EDB has informed the auto stakeholders on September 18 that the validity date of all the manufacturing certificates issued by the EDB under SRO 656(I)2006 has been extended to December 31, 2017 from September 30, 2017 as per policy decision to ensure smooth and uninterrupted operations of the automobile industry. Sabir Shaikh has welcomed the EDB’s timely decision of extending the validity date of manufacturing certificate.

Exclusive article on Pakistan’s motorcycles industry; published in Monthly #Automark magazine’s October-2017 printed edition

Suggestions and Solutions – New Auto Policy 2016-21

“We are a confused nation” the reflection of this phrase can be seen in every segment of our everyday life.
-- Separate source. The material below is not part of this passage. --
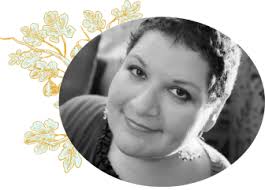 The 2024 Heschel Vision Awards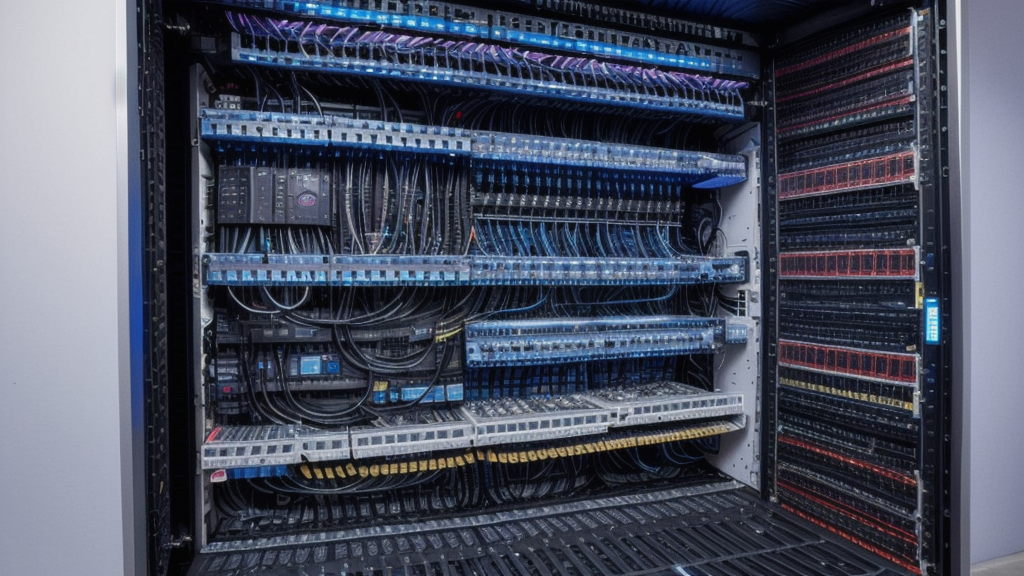 Revolutionizing Broadcast: How Software-Defined Video Infrastructure is Shaping the Future of Media Delivery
New auto policy 2016-21 is one of an ideal example.

If we refer the document issued by the Government of Pakistan ADP 2016 – 21, we will find in article 4.3 under the heading of “Eligibility Criteria” in the section of new investment policy, it is mentioned that “The Auto Industry Development Committee (AIDC) and Engineering Development Board shall review results of the new investor policy once every two years and shall recommend modifications, if any. On this basis all concerned quarters are always refuse to make any change / amendments / improvement in the policy and also take stand that Government want to keep consistency in the policy to create confidence and trust among the new potential investor. However, as usual Government by herself break her own rules and did not reduce custom duty on the import of new cars as promised / mentioned in the new auto policy 2016 – 21 in article 3.1, under the heading “Tariff System for Cars, SUV’s & LCV’s (HS Codes 8703 & 8704) in section sub heading “Tariff Rationalization”, main heading is “Tariff Structure for Development of Automotive Sector”.

It is mentioned many times by the Government officials that existing automobile assemblers are over protected and Government want to create a healthy competition among the players. In order to provide an enabling environment, conducive to development and growth of the automotive industry a stable and consistent tariff regime is essential, on the other hand by not reducing the promised custom duty a signal of inconsistency has already given to the industry. On the other hand over protection to the existing players shall be continued.

The auto policy 2016 – 21 was announced in March 2016, so 2 years period shall be expired in march-2018. This is the high time that Ministry of Industry & Production and Board of Investment start working on the amendments and improvement in this policy and try to take in confidence to all stake holders.

THE PREMIUM OWN MONEY BLACK MARKET MENACE
Father of the nation, Quaid-e-Azam Mohammad Ali Jinnah in his first address to the constituent assembly on 11th August 1947 mentioned that “Black – Marketing in another cause, now you have to tackle this monster which today is a colossal crime against society in our distressed conditions”. The present scenario is the all three big Japanese brands having assembly plants in Pakistan are selling their vehicles on premium which is actually an act of black marketing the average premium is around (Rupees: Two Hundred Thousand) otherwise waiting period after booking is six months. Average annual sales of cars in Pakistan is 200,000 units. It means auto industry is creating a black market of 40 billion rupees per annum. This income is undocumented and tax free.

EXISTING PLAYERS
First of all please make some space for the existing players in new policy if they want to bring fresh investment and new models. Their terms and conditions could be different (Less Lucrative) in comparison to the all new investor and players.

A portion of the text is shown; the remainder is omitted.